Sunday, December 27, 2009

FREE OR NOT FREE

I used to write because it freed me, took me to another world, and embarked me towards new dimensions. Today, I feel like I write to remember...I am afraid to forget.

Sunday, December 20, 2009

It's been a while...and I cheated....

It's been a long while since I've been here...but now I'm back...so much has happened I really don't know where to start. I have done so much that sometimes I wonder who I really am. The day that I was given a second chance at life, I was sure I had become a better person. Negative on that one...I can't say I am a bad person, but I kind of live life a bit more selfishly. I'm not sure if this is the right thing to do, however, sometimes, I find it very difficult to realize what I am doing. Since my last post, I have lived a great love, cheated on that love, and am now trying to pick up the pieces of that love and try to make the heart whole again.

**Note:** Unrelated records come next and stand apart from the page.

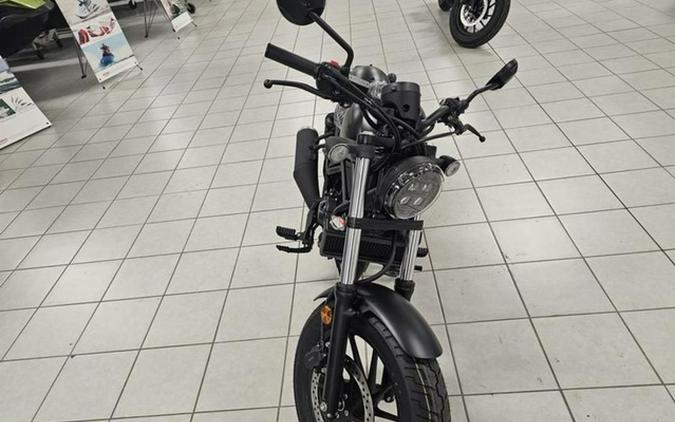 2025 Honda Rebel 300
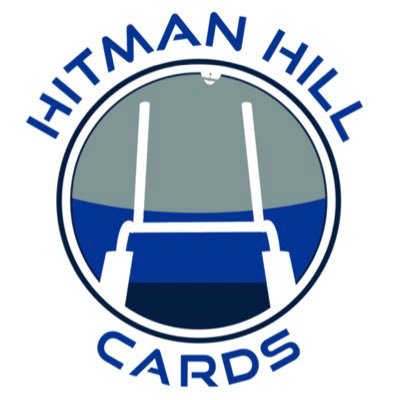 Christ Follower. Diehard Cowboys fan. Sports Card rounder. IG: @HitmanHillCards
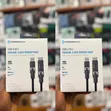 Powerology Vion 4-in-1 Cable Supports 240W Fast Charging - 2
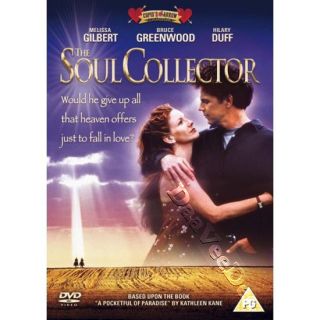The Soul Collector New PAL Arthouse DVD Melissa Gilbert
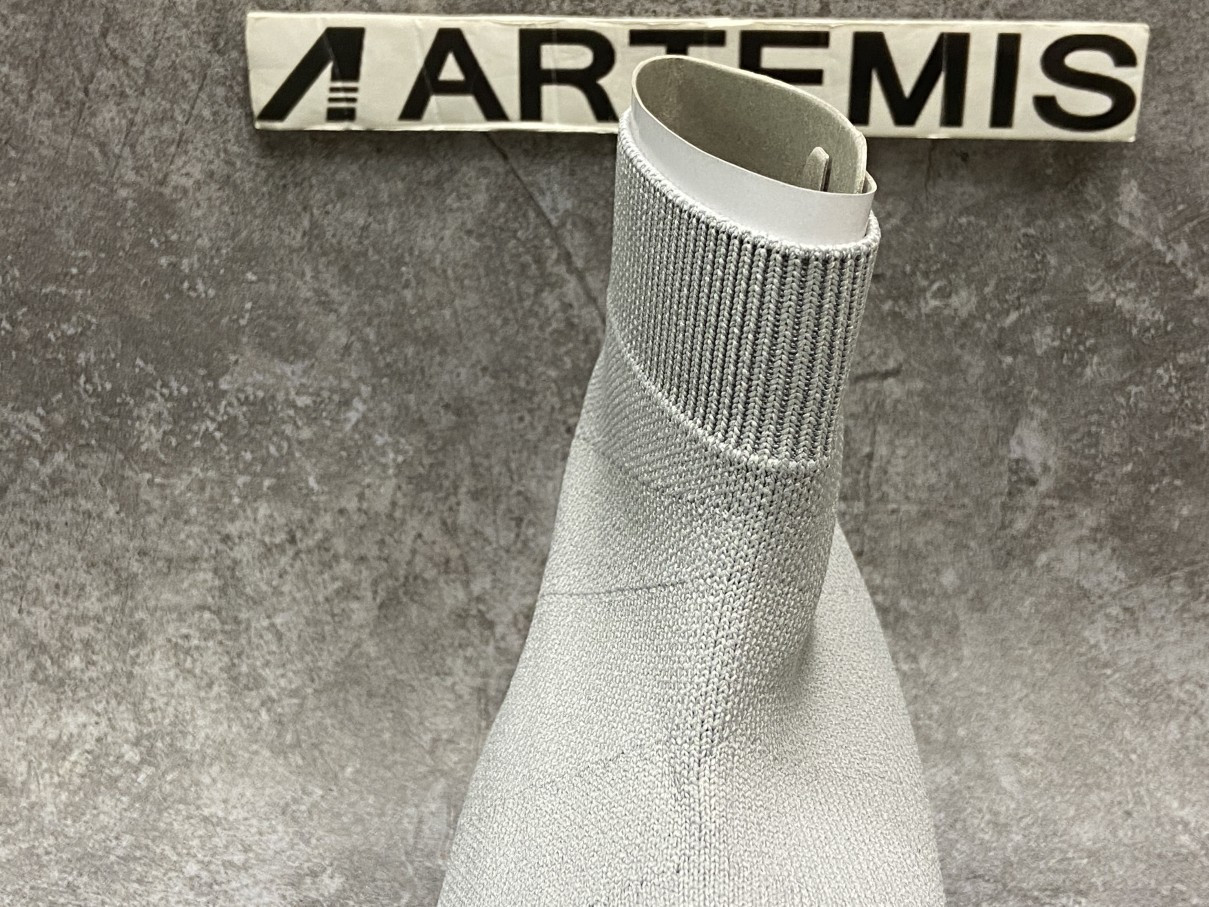 Balenciga Graffiti Speed Sneaker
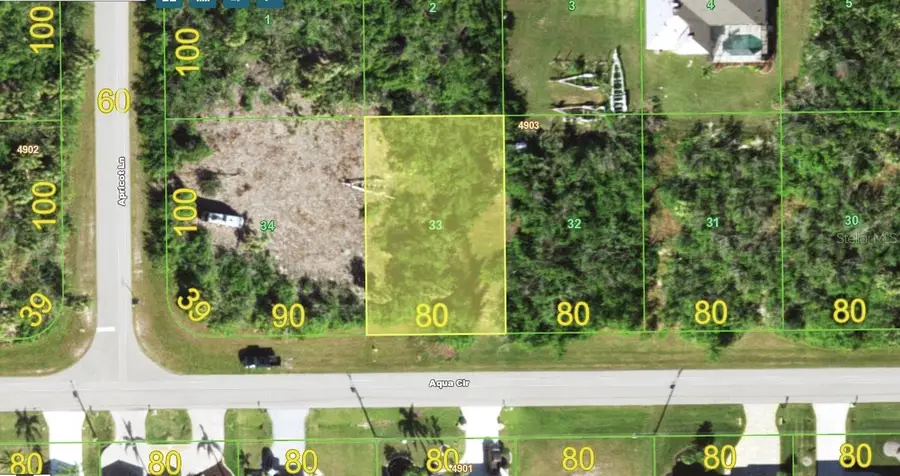 15865 Aqua Circle, Port Charlotte, FL 33981 - #2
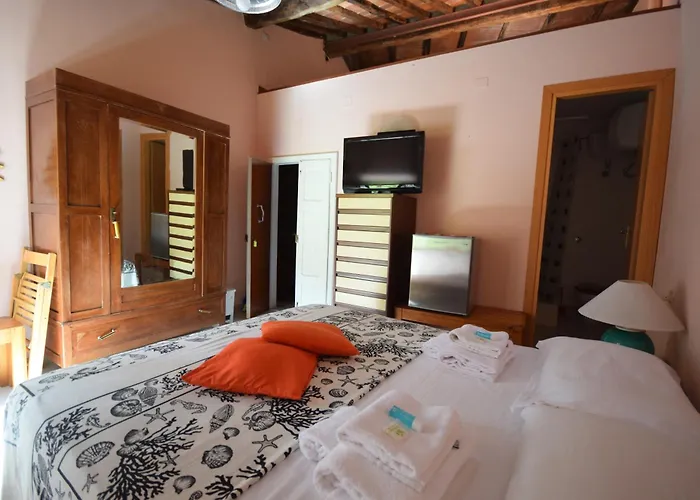 Camera Rifugio D'amore 招待所 3*
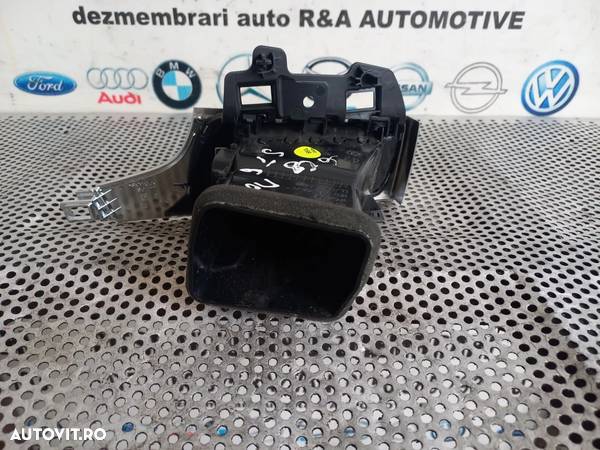 Grila Ventilatie Aerisire Bord Stanga Audi A6 4G C7 An 2011-2012-2013-2014-2015-2016-2017-2018 Volan Stanga - Dezmembrari Arad - 7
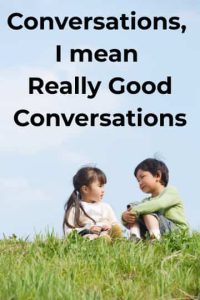 conversations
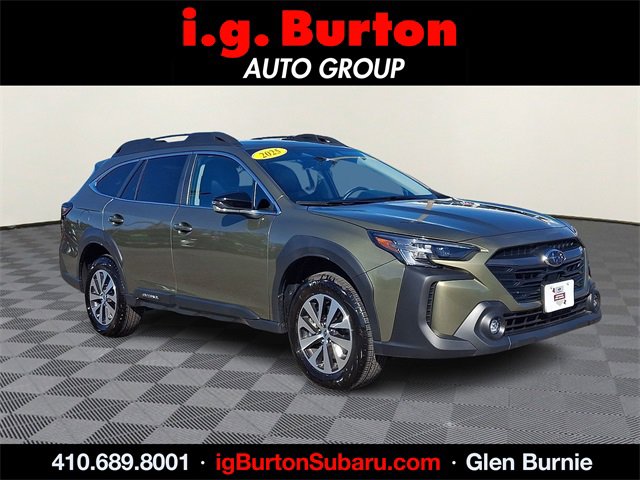 Used 2025 Subaru Outback Premium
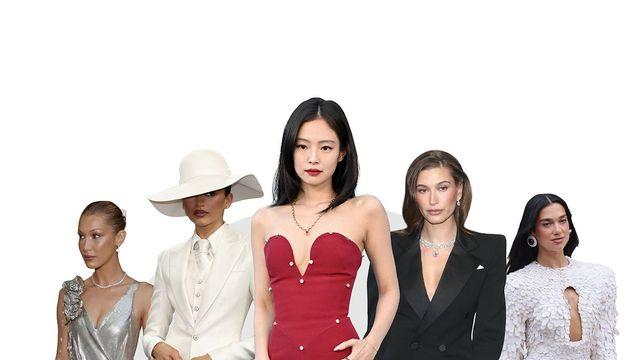 1996년생 하퍼스 바자와 동갑내기 셀럽들!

Will we get through this? I don't know. Do I regret what I did? It depends. I know this sounds really bad, but the truth is that everything that we do is an experience and why regret an experience. I do regret it if I look at what I did to my relationship as a result of a one-night stand. But, for how long do I pay for this. I will always accept my fault, and I will never excuse my actions, but it is what it is. Either we solve it or not. He has moments when he wants to solve it, and then there are those when he doesn't, this roller coaster is not healthy for either one of us, but I just can't let go. I love him too much.

Then there are those times when I don't regret it, it happened...Yes, but what led it to happen. I have never thought that a relationship should end as a result of an infidelity. Unless you are a career cheater, most people cheat when something in their relationship isn't quite right. When you leave a back door open, and someone is able to come in...try to close it and make your relationship "stranger proof". Plain and simple, fix what's broken, and then move forward.